This guide covers performance characteristics, optimization techniques, and best practices for building high-performance state machines with Statekit.
Benchmarks run on Apple M1 (arm64):
| Operation | Time | Allocations | Notes |
|---|---|---|---|
| Simple transition | ~364ns | 7 allocs | Basic event → state change |
| Hierarchical bubble | ~669ns | 10 allocs | Event bubbles to parent |
| No matching transition | ~36ns | 0 allocs | Fast rejection path |
State query (State()) |
~14ns | 0 allocs | Zero-cost access |
Matches() direct |
~14ns | 0 allocs | Current state check |
Matches() ancestor |
~21ns | 0 allocs | Parent state check |
UpdateContext() |
~15ns | 0 allocs | Context mutation |
Snapshot() |
~196ns | 3 allocs | State serialization |
| Parallel state entry | ~1μs | 16 allocs | Multiple regions |
| Plugin overhead | ~16ns | 0 allocs | Per-plugin per-hook |
| Method | Time | Allocations |
|---|---|---|
| Builder (3 states) | ~1.3μs | 40 allocs |
| Builder (5 states, nested) | ~1.5μs | 46 allocs |
| Reflection DSL (2 states) | ~2.4μs | 42 allocs |
| Reflection DSL (nested) | ~2.8μs | 49 allocs |
Key insight: Machine construction is a one-time cost.
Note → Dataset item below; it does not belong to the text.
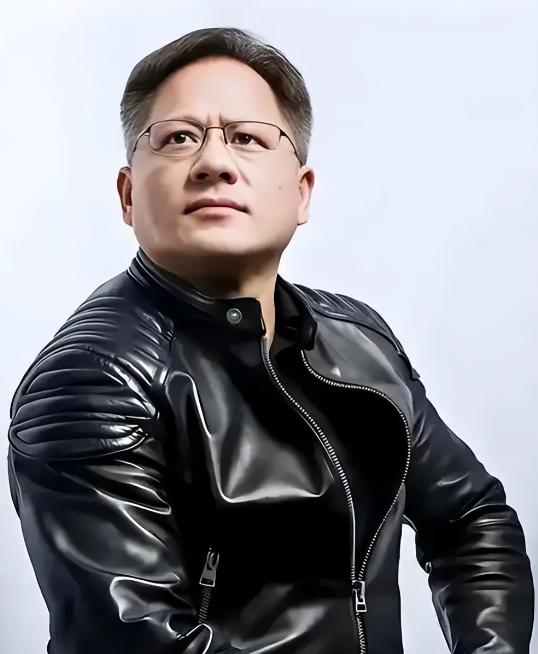黄仁勋是有远见的！他赌的压根不是芯片，不是AI，他赌的是一件更大、更确定的事——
Build once, reuse the MachineConfig across all interpreters.
Don't create a new machine for each request:
// Bad: Rebuilds machine every time
func HandleRequest(req Request) {
machine, _ := statekit.NewMachine[Ctx]("order").
WithInitial("pending").
// ... build machine ...
Build()
interp := statekit.NewInterpreter(machine)
// ...
}Do build once and reuse:
// Good: Build once at startup
var orderMachine *statekit.MachineConfig[OrderContext]
func init() {
var err error
orderMachine, err = statekit.NewMachine[OrderContext]("order").
WithInitial("pending").
// ... build machine ...
Build()
if err != nil {
panic(err)
}
}
func HandleRequest(req Request) {
interp := statekit.NewInterpreter(orderMachine)
// ...
}Impact: Saves ~1-3μs per request plus allocations.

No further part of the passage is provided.